Die Auggies Berlins heißen Ahmad, Fatima, Viktor oder Minh-Kai. Fast immer haben sie eine Migrationsgeschichte. Ein bisschen sind sie das migrantische Pendant zu Kalle und Helga in den wenigen verbliebenen Altberliner Eckkneipen.
Rollator trifft Kopftuch
Die meisten haben bis nachts geöffnet, manche 24/7. Sie sind Headquarter für Kiezgeflüster, Treffpunkt für alle Altersgruppen und Brutstätte der Integration. Hier trifft auch mal der versoffene Opa mit seinem Rollator auf die rüstige Rentnerin mit religiös motiviertem Kopftuch, die ihm lächelnd die Leviten liest.
Allein in meiner Straße gibt es auf wenigen hundert Metern acht Läden. Ihre USPs sind Internet- und Gamerplätze, Klopapier (!), Postannahmestellen oder der höhere Grad an Sauber- und Übersichtlichkeit. Und, ganz vorne: die Verkäufer*innen.
Sie alle verbindet eine Engelsgeduld, mit der sie ihrer Kundschaft begegnen. Je nach Uhrzeit schauen auch mal ignorant verdrogte Yuppies, Aggro-Teenies mit Tilidin auf Tasche oder verzweifelte Kiezalkis vorbei. Respekt!
Wenn ich wissen will, wie mein Straßenzug sozial zusammengesetzt ist, gehe ich in den Späti. Das führt so gut wie immer zu gegenseitigem Verständnis für den Gemütszustand voneinander, für die Neurosen von ihm und den Drogenkonsum von ihr, für Arbeitslosigkeit oder Workaholismus – weil in neutralem und dennoch vertrautem Raum erzählt, zugehört und moderiert wird.
Ich bekomme mit, zu welchen unhaltbaren Uhrzeiten Nachbar*innen Feierabend machen oder zu arbeiten beginnen. Ich lerne, dass Spätis in der DDR erfunden wurden, wo sie vor allem der Versorgung von Schichtarbeiter*innen dienten und eigentlich Spätverkaufsstellen hießen. Und natürlich ist irgendwie auch immer die Weltpolitik zu Gast, zwischen Feuerzeugen und OCBs, zwischen Kau- und anderen Gummis.
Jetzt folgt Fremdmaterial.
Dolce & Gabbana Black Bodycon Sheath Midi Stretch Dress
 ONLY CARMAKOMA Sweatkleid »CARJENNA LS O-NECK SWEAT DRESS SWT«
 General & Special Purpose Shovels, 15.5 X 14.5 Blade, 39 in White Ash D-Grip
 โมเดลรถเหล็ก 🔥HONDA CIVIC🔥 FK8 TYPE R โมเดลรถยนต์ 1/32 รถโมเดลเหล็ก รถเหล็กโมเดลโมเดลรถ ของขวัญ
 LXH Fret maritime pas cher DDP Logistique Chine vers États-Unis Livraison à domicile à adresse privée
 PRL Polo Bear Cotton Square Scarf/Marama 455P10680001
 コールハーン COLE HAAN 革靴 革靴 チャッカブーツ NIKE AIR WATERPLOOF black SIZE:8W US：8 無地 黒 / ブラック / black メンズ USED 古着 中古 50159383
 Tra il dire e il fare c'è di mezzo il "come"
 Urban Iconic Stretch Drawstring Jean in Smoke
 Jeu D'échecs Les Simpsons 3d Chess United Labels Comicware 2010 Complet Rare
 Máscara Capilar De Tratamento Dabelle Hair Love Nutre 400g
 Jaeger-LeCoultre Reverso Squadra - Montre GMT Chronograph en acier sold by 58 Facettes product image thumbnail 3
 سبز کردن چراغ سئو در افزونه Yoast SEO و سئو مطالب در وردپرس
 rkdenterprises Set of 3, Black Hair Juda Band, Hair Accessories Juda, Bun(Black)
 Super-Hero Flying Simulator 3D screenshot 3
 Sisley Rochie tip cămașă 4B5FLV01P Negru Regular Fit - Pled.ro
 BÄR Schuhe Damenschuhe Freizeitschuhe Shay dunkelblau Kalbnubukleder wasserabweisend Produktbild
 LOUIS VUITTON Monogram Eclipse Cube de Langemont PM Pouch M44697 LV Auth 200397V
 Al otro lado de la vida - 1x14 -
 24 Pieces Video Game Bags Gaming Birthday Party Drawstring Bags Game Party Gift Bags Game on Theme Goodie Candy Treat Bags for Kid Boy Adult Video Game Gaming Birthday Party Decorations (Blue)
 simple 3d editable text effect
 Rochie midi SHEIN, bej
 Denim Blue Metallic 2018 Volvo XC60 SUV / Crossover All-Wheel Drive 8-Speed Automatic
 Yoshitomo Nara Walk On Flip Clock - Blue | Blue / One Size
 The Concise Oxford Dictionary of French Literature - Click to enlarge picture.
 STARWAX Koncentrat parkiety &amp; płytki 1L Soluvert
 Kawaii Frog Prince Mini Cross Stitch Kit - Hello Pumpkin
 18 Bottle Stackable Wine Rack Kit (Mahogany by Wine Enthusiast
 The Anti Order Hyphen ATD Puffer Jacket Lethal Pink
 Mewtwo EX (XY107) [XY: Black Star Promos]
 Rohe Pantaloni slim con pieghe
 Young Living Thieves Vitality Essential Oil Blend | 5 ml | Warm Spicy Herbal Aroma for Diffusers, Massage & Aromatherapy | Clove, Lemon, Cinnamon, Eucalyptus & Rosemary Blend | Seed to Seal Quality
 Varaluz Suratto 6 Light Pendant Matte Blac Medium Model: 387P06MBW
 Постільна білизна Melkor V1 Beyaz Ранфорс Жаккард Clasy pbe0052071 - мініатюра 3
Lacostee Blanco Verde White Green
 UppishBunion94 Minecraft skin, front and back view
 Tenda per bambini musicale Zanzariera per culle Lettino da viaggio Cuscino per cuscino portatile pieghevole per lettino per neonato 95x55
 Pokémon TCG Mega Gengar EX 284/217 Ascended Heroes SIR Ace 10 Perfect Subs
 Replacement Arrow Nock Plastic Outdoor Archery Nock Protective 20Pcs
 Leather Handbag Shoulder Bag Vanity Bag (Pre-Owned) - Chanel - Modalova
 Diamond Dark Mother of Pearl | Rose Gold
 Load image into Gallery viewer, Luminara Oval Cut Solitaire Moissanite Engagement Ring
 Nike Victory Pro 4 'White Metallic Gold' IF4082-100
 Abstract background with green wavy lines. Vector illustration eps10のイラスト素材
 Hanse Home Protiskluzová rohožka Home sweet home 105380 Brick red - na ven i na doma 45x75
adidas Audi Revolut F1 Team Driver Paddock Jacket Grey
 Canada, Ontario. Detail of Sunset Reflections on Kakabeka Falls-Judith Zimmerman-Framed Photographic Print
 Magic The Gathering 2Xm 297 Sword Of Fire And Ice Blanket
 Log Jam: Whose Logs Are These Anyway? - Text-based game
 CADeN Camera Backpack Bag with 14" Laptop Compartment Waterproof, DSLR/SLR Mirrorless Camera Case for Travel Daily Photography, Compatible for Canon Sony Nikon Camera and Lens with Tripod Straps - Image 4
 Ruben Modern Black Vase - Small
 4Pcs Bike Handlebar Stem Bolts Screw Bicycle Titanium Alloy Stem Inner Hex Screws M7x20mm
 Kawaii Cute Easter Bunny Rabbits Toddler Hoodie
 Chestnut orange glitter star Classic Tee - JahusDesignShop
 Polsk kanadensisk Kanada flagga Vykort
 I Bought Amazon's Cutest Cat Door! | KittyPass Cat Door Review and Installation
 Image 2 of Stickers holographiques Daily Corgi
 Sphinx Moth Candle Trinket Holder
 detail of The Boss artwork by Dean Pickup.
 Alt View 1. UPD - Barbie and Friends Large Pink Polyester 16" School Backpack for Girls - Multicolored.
Das meiste kommt in die Familienkasse
Oft besteht der Job aus purer Selbstausbeutung. Zum Teil sind es Familienbetriebe, wo bis zu drei Generationen für einen lachhaften Lohn malochen. Es gibt keinen ernst zu nehmenden individuellen Stundenlohn, das meiste kommt in die Familienkasse. Als Unterstützung der eigenen oder der Großeltern, damit nicht die Arbeitslosigkeit droht, weil jene ursprünglich als ungelernte Arbeitskräfte nach Deutschland kamen oder einfach andersrum für die Zukunft der Kinder.
Wo nicht nur Verwandtschaft mitarbeitet, werden Ausgebeutete auch gern mal zu Ausbeuter*innen. Deshalb gibt es Hilfe für Betroffene – zum Beispiel bei der „FAU Berlin“. Betreiber*innen organisieren sich u. a. im Verein „Berliner Späti e. V.“. Da geht es vor allem um den wichtigen Sonntagsverkauf, der den meisten die Existenz sichert.
Im Film droht Auggies Shop die Schließung, weil der Tabakhandel einem Naturfeinkostladen weichen soll. Spoileralarm: Der Kiez wehrt sich erfolgreich. „Blue in the Face“ hat also ein Happy End. Und unser Film?